Valley of the Giants
We skipped this and made our way south to the Valley of the Giants, part of the Walpole-Nornalup National Park near Denmark (the town, not the country) because it sounded cooler. I would definitely recommend buying a ticket for the Tree Top Walk, it’s $19 well spent.
You enter the walkway and head deep into the forest of red and yellow tingle trees, climbing higher and higher until you’re standing 40 meters above the ground with a few of the trees still towering above you. It was a surprisingly fun experience and a good little adrenaline rush if heights aren’t your thing!
It also includes the Ancient Empire boardwalk, a ground level trail that winds around and through some ancient tingle trees. They die on the inside due to disease or fire but continue to thrive on the outside. It looks really cool. I think I’ve found my spirit tree, minus the disease and fire…
Green’s Pool and Elephant Rocks
From giant trees to giant rocks, we made our way back to the coast (hooray!) and straight to the beach. All I can say is that if you make it this far south, give yourself as much time as possible for these two gorgeous spots.
Green’s Pool is a golden crescent beach in a calm bay with crystal clear water, perfect for snorkeling around the big boulders scattered around the shore.
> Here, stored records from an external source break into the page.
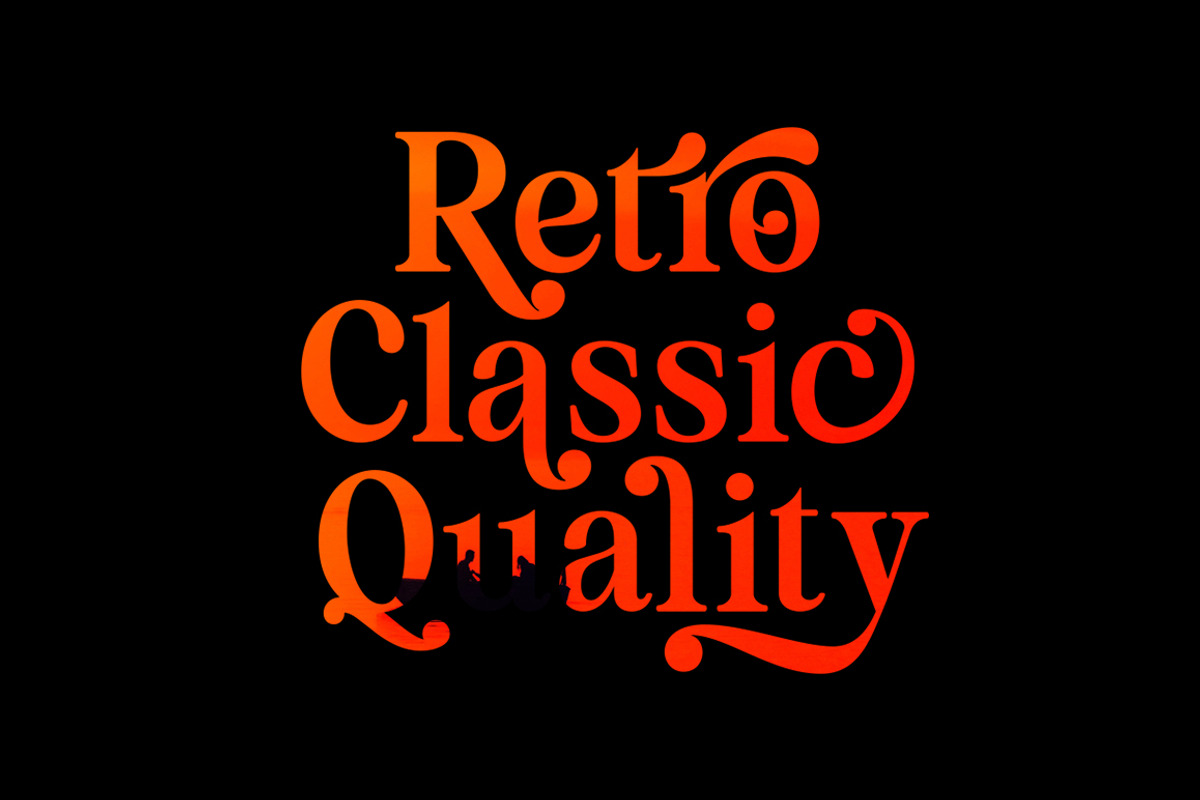 Britania Vintage, a Serif Font by Max.co Studio (Photo 13 of 13)
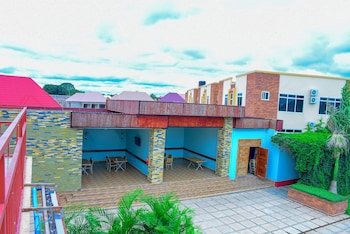 the residence hotel dodoma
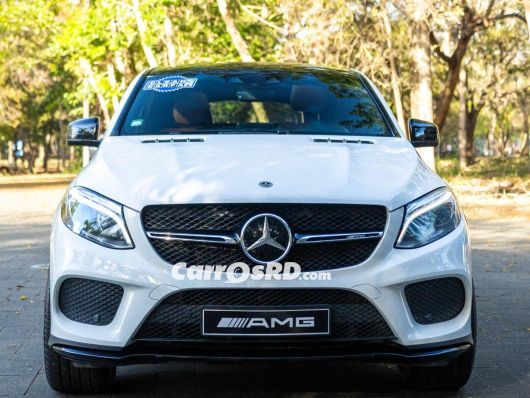 Mercedes-Benz Clase GLE Jeepeta en venta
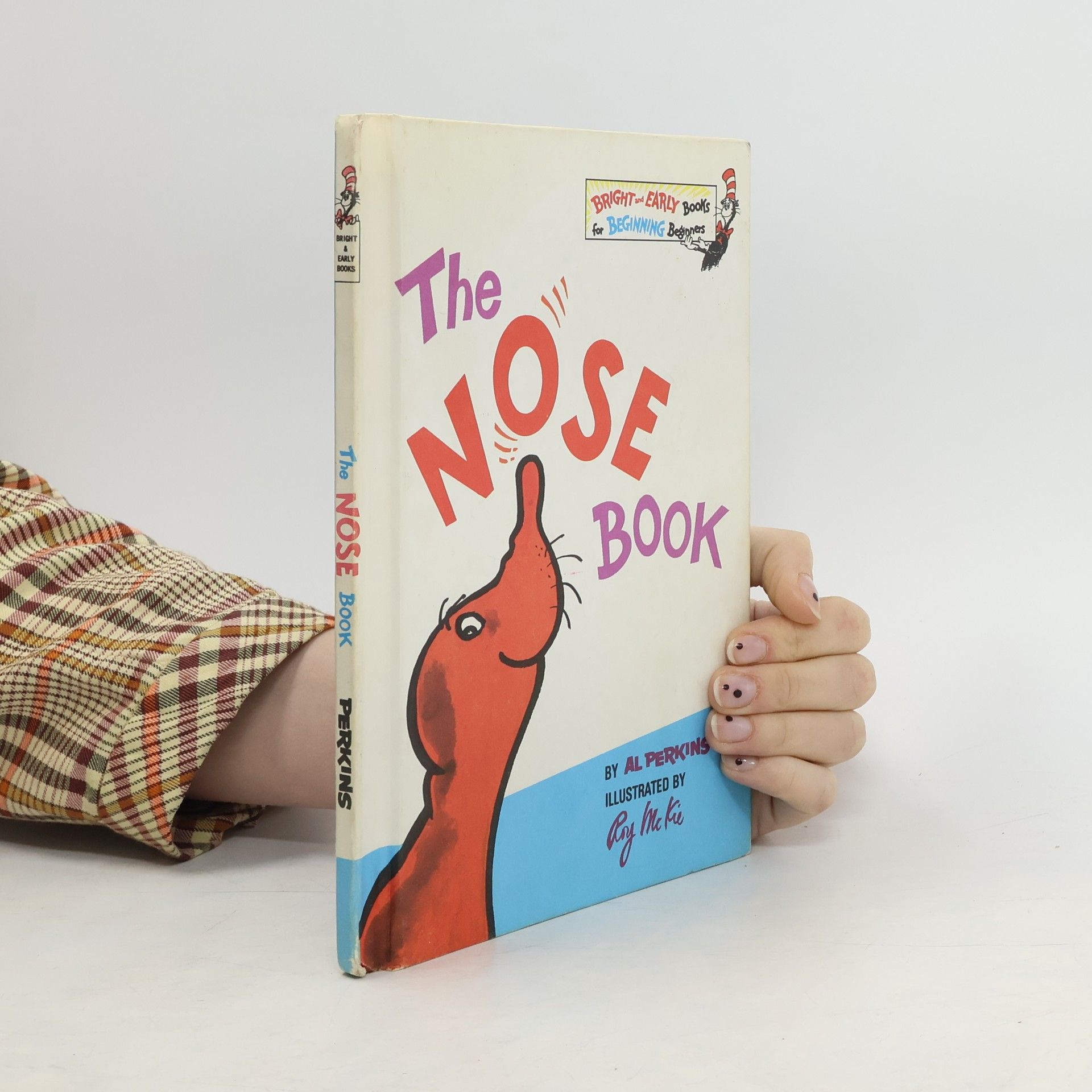Al Perkins The Nose Book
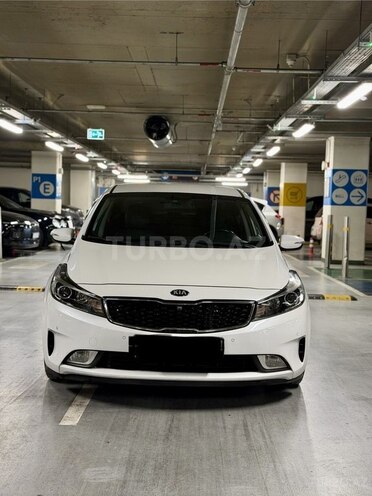 Kia K3 2017, 191,500 km - 1.6 l - Bakı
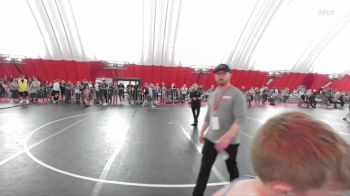 77 lbs Cons. Round 2 - Soren Gowen, Pinnacle Wrestling Club vs Aamon Wineski, RT Elite Wrestling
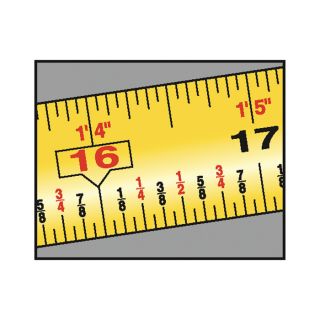 Titan Tape Measure Set — 4-Pc., Quick Read, Cushion Grip, Model# 17504  Measuring Tapes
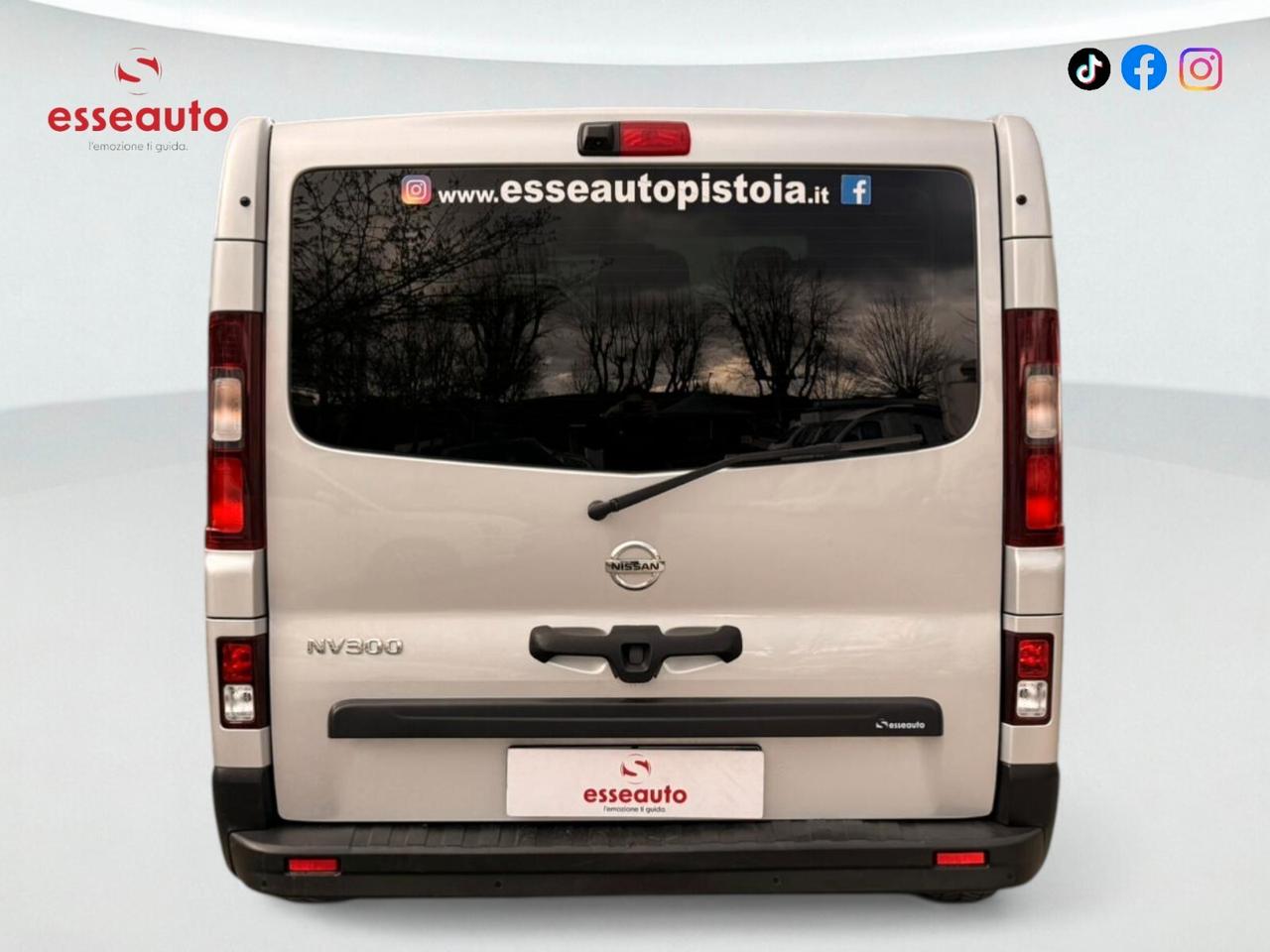 Nissan NV300 1.6 dCi 125cv 9 POSTI IVA ESPOSTA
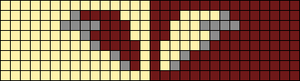 Alpha pattern #155636 variation #337774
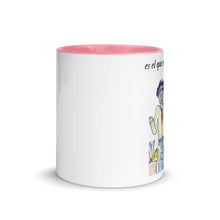 Cargar imagen en el visor de la galería, Mug with Color Inside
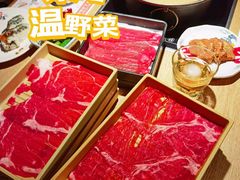 -温野菜涮涮锅(西单大悦城店)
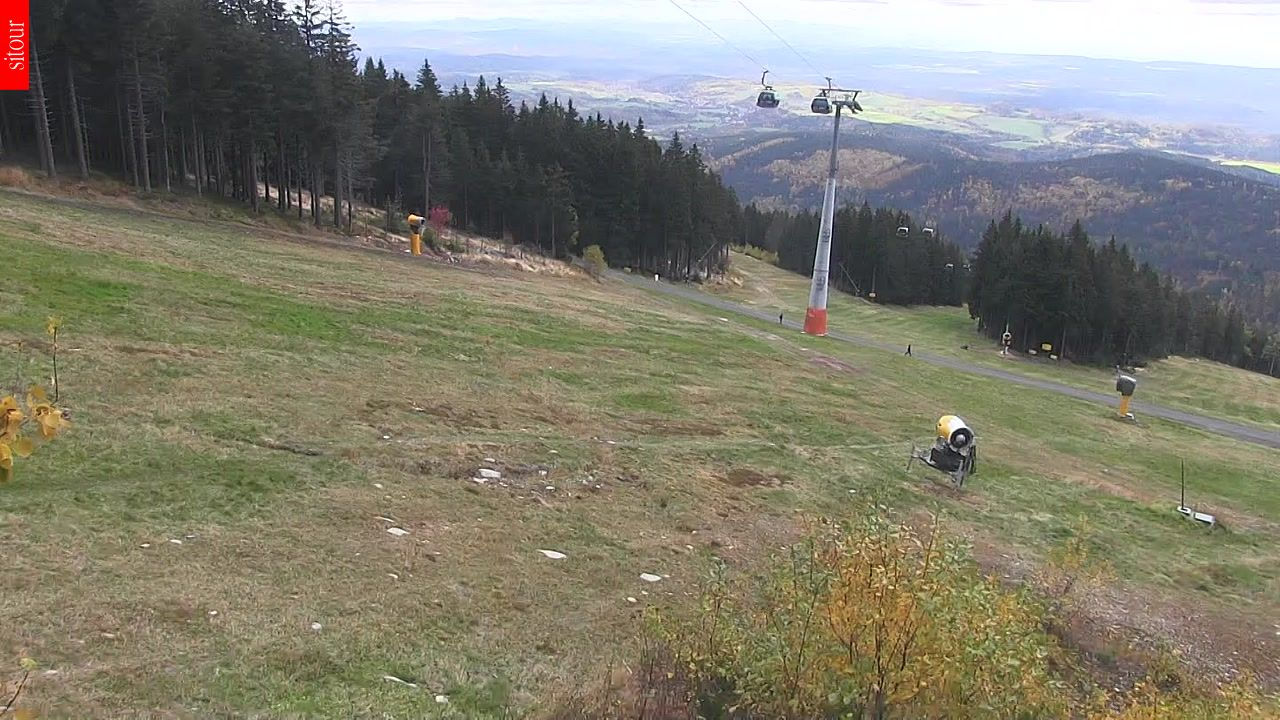 Černá hora - Pec - Hofmanky - Yesterday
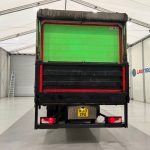 Scania P280 6×2 Rear Lift Day Cab Fridge Box - thumbnail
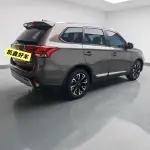 Mitsubishi Outlander 2020 из Китая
It’s so peaceful and would be a great spot for kids if you happen to have some with you.
If you follow the rocks to the left you’ll eventually find yourself looking down to another even more secluded beach lying in the shadows of the Elephant Rocks, aptly named for the shape and size of them, lined up in the water like an oversized, slightly disfigured herd of elephants.
One piece of advice for you: if you’re thinking you might need gas soon, you fill up at the first gas station you see.
Don’t tell yourself you’ll wait until the next one. It could be closed, or 156km away, and you’ll end up driving aimlessly around wondering how long it will take you to die once you run out of water, until you find a random house with a gas pump that saves the day.
After that adventure things started looking up, for about 15 minutes.
We found a free campsite, free!! This is kind of a big deal considering camping in Australia is horrifically overpriced. It’s a little place called Torbay Inlet and it’s lovely. There is a ton of space as you drive through the camp, if people had regular sized tents, and there’s even a toilet.
Update: There are actually a TON of free camp sights across Western Australia but we had no idea about them until we got back to Perth. Download the WikiCamps Australia app, it’s worth paying for it because you will save an insane amount of money.
One thing you should not do, if you’re driving a two-wheel drive, is drive too far out of the campsite. That sandy road actually turns into a beach and we immediately got impossibly stuck. After furiously rocking the car, getting even more stuck and angrily googling how to get out, someone came to the rescue and towed us back to safety.
We proceeded to set up camp and try to drink enough to drown out the sound of the crying baby next door. I doubt even a whole bag of goon could have managed that. In the morning I sat by the river with a cup of tea watching a pelican and felt much better about the whole experience.